Hal ini berpotensi menjadi pelanggaran berat, sebab ijin lingkungan – yang merupakan syarat wajib bagi operasi industri – hanya dapat diterbitkan jika kegiatan usaha berada di atas lahan yang memiliki alas hak yang sah. Tanpa itu, seluruh aktivitas IPAL bisa dianggap ilegal dan mencemari lingkungan tanpa kontrol yang dapat dipertanggungjawabkan.

Menanggapi temuan ini, Kepala Bidang Penataan Lingkungan (AMDAL) Dinas Lingkungan Hidup Kabupaten Pelalawan menyatakan:
"Kami akan meminta data kepemilikan lahan dari pihak perusahaan. Jika benar tidak ada alas hak, maka PT. SLS wajib melakukan addendum terhadap ijin lingkungannya. Tidak bisa dibiarkan begitu saja," ujarnya saat dikonfirmasi media pada Kamis, 17 April 2025.

Ironisnya, hingga berita ini diturunkan, pihak Humas PT. SLS, Tora selaku Community Development Officer (CDO), belum memberikan klarifikasi apa pun. Sikap bungkam ini justru semakin memperkuat dugaan pelanggaran.

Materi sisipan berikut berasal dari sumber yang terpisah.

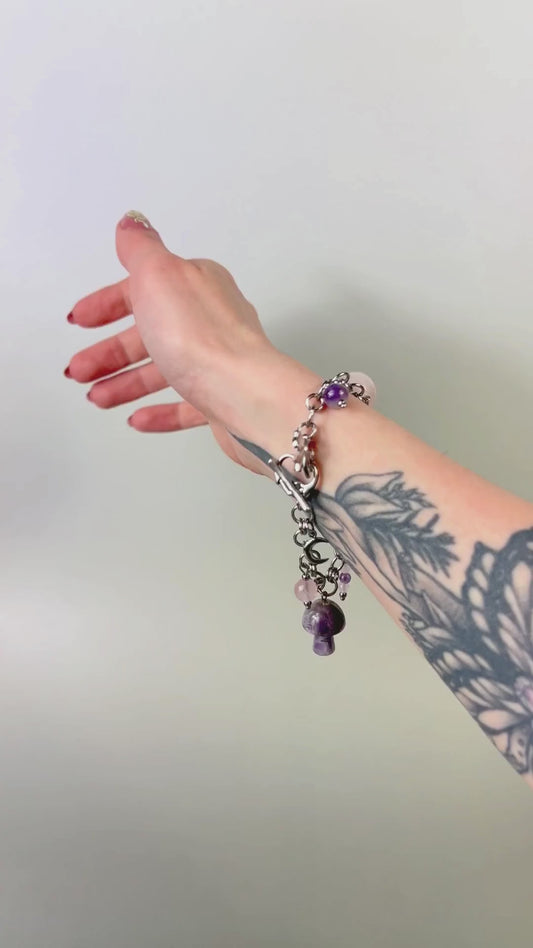 Love and mushrooms bracelet, Amethyst and Rose Quartz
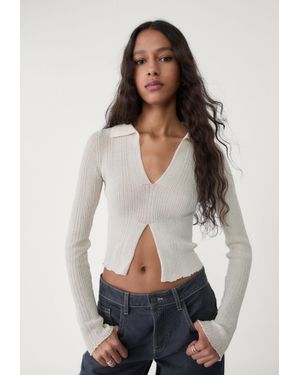 Stradivarius Maglia Collo A Polo Spacco - Bianco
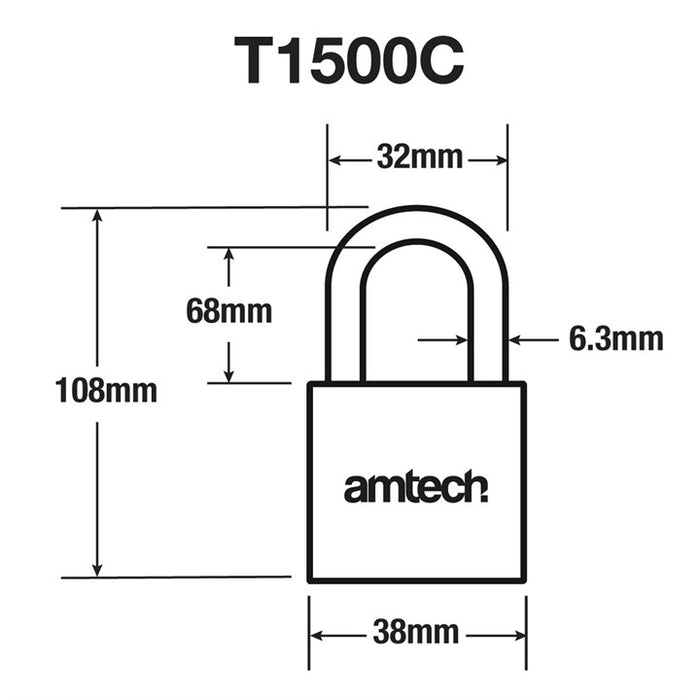 38mm Long Shackle Brass Padlock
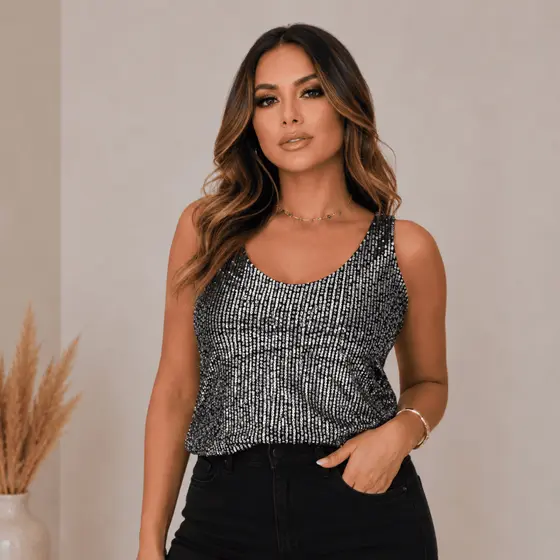 Blusa Feminina Regata De Paetê Elegante Casual Luxo Regata Com Brilho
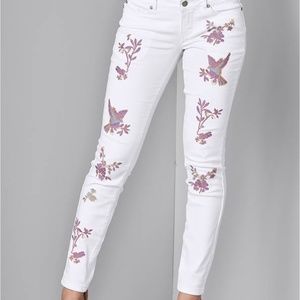 VENUS Embroidered Skinny Jeans, White Sz 8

Skandal ini terjadi di tengah seruan Presiden Prabowo Subianto agar seluruh korporasi besar menjalankan usaha yang taat hukum dan berpihak pada keberlanjutan lingkungan. Masyarakat berharap, Presiden tidak tinggal diam dan segera memerintahkan Kementerian Lingkungan Hidup dan Kehutanan (KLHK) serta aparat hukum untuk mengusut tuntas dugaan ini.

Jika dibiarkan, praktik seperti ini bukan hanya merusak ekosistem, tetapi juga melemahkan wibawa negara dalam menegakkan supremasi hukum di sektor sumber daya alam.